Ucraina, il governo Meloni tiene il punto: no all’uso di armi italiane in territorio russo. Ma non può controllare come vengono impiegate
La “dottrina Stoltenberg” sembra trovare sempre più consensi tra gli alleati della Nato. Una settimana fa il segretario generale dell’Alleanza Atlantica aveva dichiarato che le armi fornite a Kiev da parte dei Paesi membri dovevano essere impiegate per colpire obiettivi “sensibili” all’interno del territorio della Federazione Russa. Quindi, secondo il segretario, si dovrebbero togliere le restrizioni che vengono imposte, dalla Nato, circa l’utilizzo dei sistemi d’arma contro le truppe russe. Londra, Parigi e Washington erano già d’accordo sulla escalation del conflitto, gli altri Paesi dell’Alleanza, gradualmente, si stanno allineando. Ma non il governo italiano che, attraverso le dichiarazioni dei suoi ministri della Difesa, Guido Crosetto, e degli Affari Esteri, Antonio Tajani, sembra mantenere una posizione fermamente negativa alla proposta di Soltenberg. Pur continuando a inviare armi agli ucraini, l’Italia non vuole che vengano usate contro il territorio russo. Ma c’è da chiedersi: gli ucraini rispettano veramente le restrizioni imposte dai fornitori sull’impiego degli armamenti?
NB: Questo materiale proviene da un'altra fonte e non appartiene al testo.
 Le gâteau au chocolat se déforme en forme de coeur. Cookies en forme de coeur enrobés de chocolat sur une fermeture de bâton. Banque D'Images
Sembrerebbe proprio di no. Almeno a giudicare dagli attacchi effettuati in territorio russo negli ultimi giorni, con l’impiego dei missili tattici MGM-140 ATACMs Block I lanciati dalle piattaforme HIMARS, ma anche i razzi a guida Gps GMLRS accreditati di una gittata massima di 150 chilometri. Tali attacchi non sarebbero stati possibili senza l’assistenza militare statunitense, la quale provvede a guidare gli ordigni sugli obiettivi in territorio russo. In che modo? proprio grazie all’utilizzo del sistema a guida Gps che è direttamente collegato ai satelliti americani e, quindi, controllabile in tempo reale dal Dipartimento della Difesa di Washington. Impossibile per Kiev, quindi, nascondere agli americani l’utilizzo delle proprie armi al di fuori del teatro ucraino.
Gli altri paesi dell’Alleanza, invece, non hanno idea di come vengano impiegate le armi che forniscono. L’Italia, nonostante si dichiari contraria a una ulteriore escalation del conflitto, prosegue con il sostegno incondizionato a Kiev. Recentemente il Parlamento ha deciso per l’invio di un altro pacchetto d’aiuti all’Ucraina, contenente anche i missili superficie-aria SAMPT (Aster-30) a medio raggio. Questi, molto probabilmente, andranno a integrare la difesa aerea della capitale. Altro discorso riguarda i missili da crociera Storm Shadow (Scalp EG), utilizzati dai caccia bombardieri Sukhoi Su-24, con un gittata massima di oltre 500 km. Anche questi missili hanno un doppio sistema di guida, inerziale (INS) e GPS, per resistere meglio alle contromisure elettroniche (EW). Pur non potendo fare un’integrazione ottimale sui velivoli di epoca sovietica, lo Storm Shadow rimane un’arma strategica a lungo raggio, il cui utilizzo sfugge al controllo di Roma e ricade sotto quello di Washington.
Il governo Meloni, nonostante il suo diniego a una escalation del conflitto, così come propone il segretario generale della Nato, non esercita quindi alcun controllo circa l’utilizzo dei sistemi d’arma inviati all’Ucraina, i quali possono essere lanciati contro il territorio della Federazione Russa senza che il Parlamento italiano ne sia a conoscenza. Questo nonostante le promesse e le prese di posizione dell’esecutivo.